7 minute read

1. Basic Notations

Consider an infinite-horizon Markov Decision Process (MDP) defined by the tuple \((\mathcal{S}, \mathcal{A}, P, r, \gamma, s_0)\), where \(\mathcal{S}\) is the state space, \(\mathcal{A}\) is the action space, \(P\) is the transition probability function, \(r\) is the reward function, \(\gamma \in [0, 1)\) is the discount factor and \(s_0\) is a fixed initial state. A policy \(\pi: \mathcal{S} \rightarrow \Delta(\mathcal{A})\) maps states to probability distributions over actions. We omit the dependence of \(s_0\) for simplicity in the following analysis. The value function and the Q-function for a policy \(\pi\) are defined as follows:

\[\begin{aligned} V^\pi(s) &= \mathbb{E}_{ \tau \sim \pi, s_0 = s }\left[ \sum_{t=0}^\infty \gamma^t r(s_t, a_t) \right] = \mathbb{E}_{a \sim \pi(\cdot | s)} \left[ Q^\pi(s, a) \right], \\ Q^\pi(s, a) &= \mathbb{E}_{ \tau \sim \pi, s_0 = s, a_0 = a }\left[ \sum_{t=0}^\infty \gamma^t r(s_t, a_t) \right] = r(s, a) + \gamma \mathbb{E}_{s' \sim P(\cdot | s, a)} \left[ V^\pi(s') \right]. \end{aligned}\]

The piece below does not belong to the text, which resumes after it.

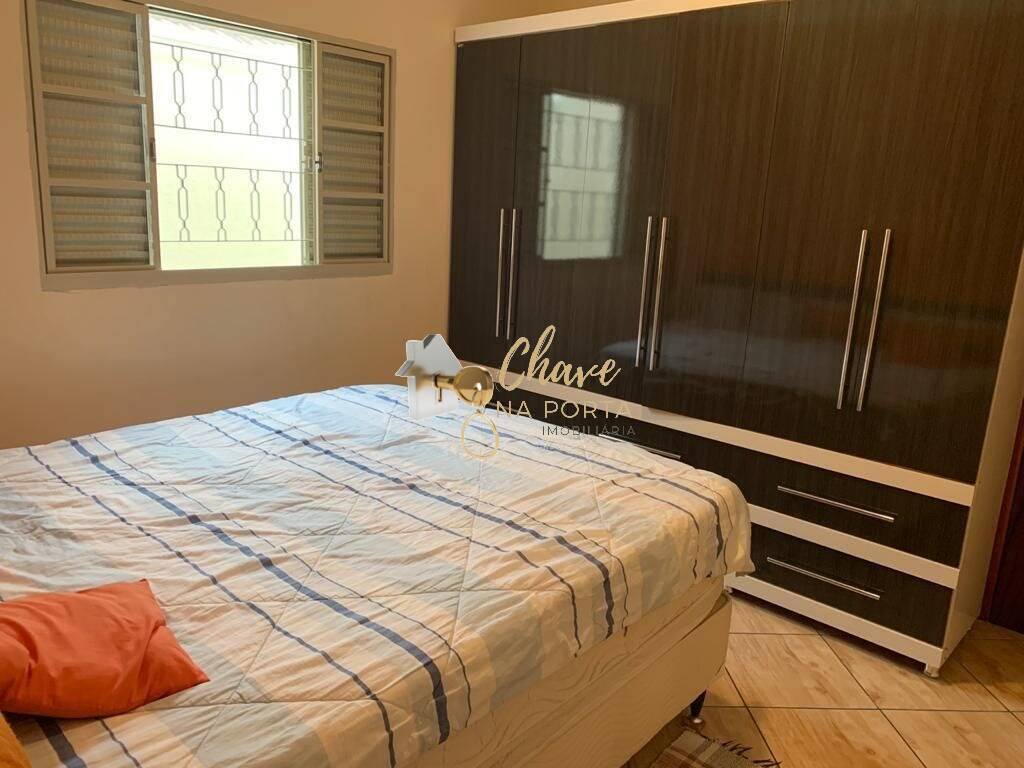 Casa, 2 quartos, 125 m² - Foto 8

Consider the visitation distribution of a policy \(\pi\), denoted as \(d^\pi(s)\), which represents the discounted state visitation frequency under policy \(\pi\):

\[d^\pi(s) = (1 - \gamma) \sum_{t=0}^\infty \gamma^t \mathbb{E}_{\tau \sim \pi} \left[ \mathbb{P}(s_{t} = s | s_0 = s_0) \right].\]

The value function can also be expressed in terms of the visitation distribution:

\[\begin{aligned} V^\pi(s_0) &= \frac{1}{1 - \gamma} \mathbb{E}_{s \sim d^\pi, a \sim \pi(\cdot | s)} [r(s, a)], \\ Q^\pi(s, a) &= r(s, a) + \gamma \mathbb{E}_{s' \sim P(\cdot | s, a)} \left[ \frac{1}{1 - \gamma} \mathbb{E}_{s'' \sim d^\pi, a'' \sim \pi(\cdot | s'')} [r(s'', a'')] \right]. \end{aligned}\]

2. Potential Difference Lemma

Potential Difference Lemma is a fundamental result in reinforcement learning that relates the value functions of two policies. It states that for any two policies \(\red{\pi}\) and \(\green{\pi'}\), the difference in their value functions can be expressed as:

\[\begin{aligned} V^\red{\pi}(s_0) - V^{\green{\pi'}}(s_0) &= \frac{1}{1 - \gamma} \left( \mathbb{E}_{s \sim d^\red{\pi}, a \sim \red{\pi}(\cdot | s)} [r(s, a)] - \mathbb{E}_{s \sim d^{\green{\pi'}}, a \sim \green{\pi'}(\cdot | s)} [r(s, a)] \right) \\ &= \frac{1}{1 - \gamma} \mathbb{E}_{s \sim d^\red{\pi}, a \sim \red{\pi}(\cdot \mid s)} \left[ Q^{\green{\pi'}}(s, a) - V^{\green{\pi'}}(s) \right] \\ &= \frac{1}{1 - \gamma} \mathbb{E}_{s \sim d^\red{\pi}, a \sim \red{\pi}(\cdot \mid s)} \left[ A^{\green{\pi'}}(s, a) \right], \end{aligned}\]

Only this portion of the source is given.